Fiódor Lukianov, cientista político
Há mais de dois, em artigo pré-eleitoral, Vladímir Pútin escreveu que a Rússia quis pegar o vento chinês nas velas do seu desenvolvimento. Cada iatista professional sabe que, durante as rajadas de vento, e hoje em dia o mundo está enfrentando muitas tempestades, controlar um barco a vela é muito difícil. O sucesso, no entanto, permite alcançar o objetivo muito mais rápido.
A visita de Pútin a Pequim não decepcionou. Tendo em vista a crise entre a Rússia e os Estados Unidos, a viagem foi interpretada como uma busca de apoio em novos parceiros. A Rússia está começando uma trajetória política voltada para a Ásia, que já tinha sido anunciada há muito tempo, e o conflito ucraniano serviu como um catalisador. O ponto da vista de que só Moscou precisa dessa aproximação –e que Pequim só permite à Rússia se aproximar para poder usar seus recursos– é uma visão simplista. A China, não menos do que a Rússia, está interessada em reforçar as bases da sua política.

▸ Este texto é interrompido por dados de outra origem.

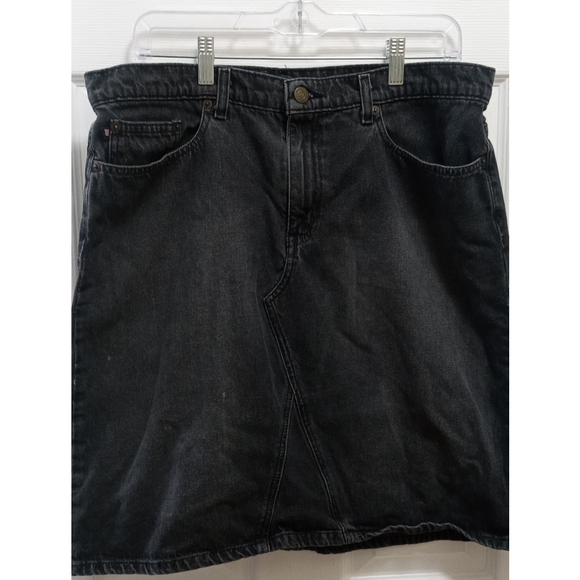 Ralph Lauren Dresses & Skirts - Vintage Ralph Lauren Denim Caldwell Skirt Sz 12 Black Y2K Grunge Preppy Retro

A China está preocupada com os acontecimentos no mundo. Um toque de despertar foi a Primavera Árabe. Em Pequim, os acontecimentos no mundo árabe foram interpretados como um modelo muito perigoso de como forças externas poderosas usam a incapacidade dos Estados para garantir o desenvolvimento nacional sustentável. E bem naquela época, Washington anunciou uma nova política na Ásia. Apesar de aberturas para a China, é óbvio que tratava-se de política de contenção.
Rússia e China: parceria lógica
Inúmeros conflitos territoriais da China com seus vizinhos estiveram durante muito tempo em um estado relativamente dormente, mas recentemente todos eles têm-se agravado e não só em nível local. Durante a visita de Pútin a Xangai, a relação com o Vietnã se tornou mais tensa e chegou até o ponto da evacuação de cidadãos chineses. A relação é difícil com o Japão e as Filipinas. Durante uma recente viagem à região do Pacífico, Barack Obama, talvez pela primeira vez, deixou abertamente claro que os Estados Unidos estão prontos para apoiar seus aliados nas disputas territoriais.

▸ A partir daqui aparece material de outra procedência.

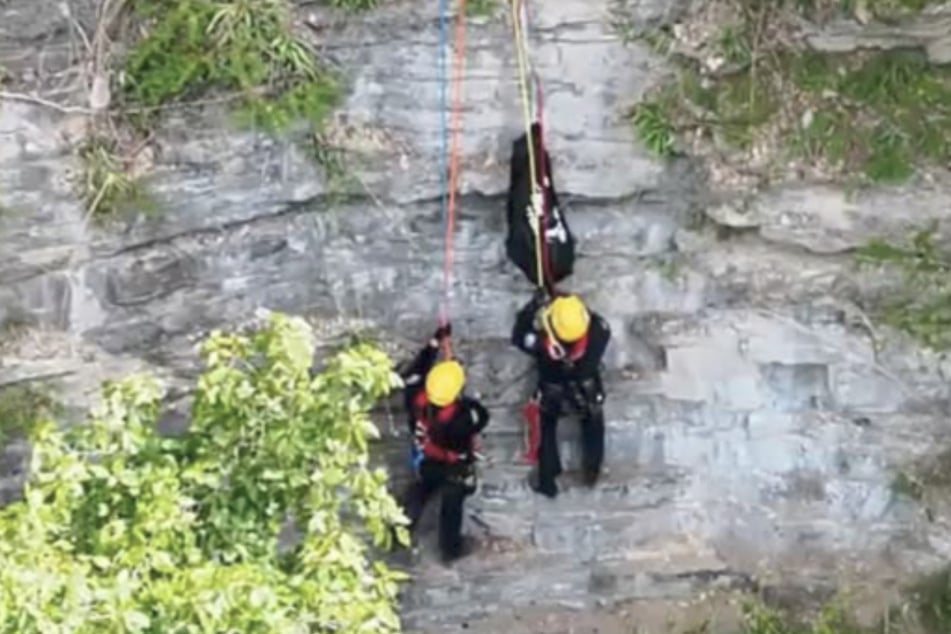 About 30 meters below the viewpoint, Carl had spent the night perched on a tiny rock ledge.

Xi Jinping, desde que chegou ao poder em 2012, bem antes da atual crise, enfatizou querer levar as relações com a Rússia para um novo nível. Pequim vê com cautela a situação em torno da Ucrânia. A China tem muitos problemas com o separatismo interno (Xinjiang Uygur, a região autônoma, Tibete, Taiwan) e reage com preocupação a qualquer alteração de fronteiras. Por isso, Moscou não pode contar com o apoio direto de Pequim. Ao mesmo tempo, a China enfatizou que entende as causas do incidente e o fato de que as ações da Rússia foram uma resposta à política de longo prazo dos EUA no espaço pós-soviético. Os chineses não querem a derrota da Rússia em um confronto com Washington, pois ela poderia fortalecer os Estados Unidos. Os Estados Unidos para Pequim são um competidor estratégico inevitável do futuro próximo.
Aproximação
Quais são os motivos específicos da China na política da aproximação com a Rússia?
Primeiro, trata-se de uma questão de equilíbrio estratégico global. A China vê seu lugar no mundo e as possibilidades de outros parceiros através de um triângulo de superpotências: China–EUA– Rússia. O significado de cada um dos vértices do triângulo depende da relação com os outros vértices. E aquele "ângulo" que perde o contato com algum dos outros dois, na visão da China, se torna mais fraco. E mais dependente do terceiro "ângulo".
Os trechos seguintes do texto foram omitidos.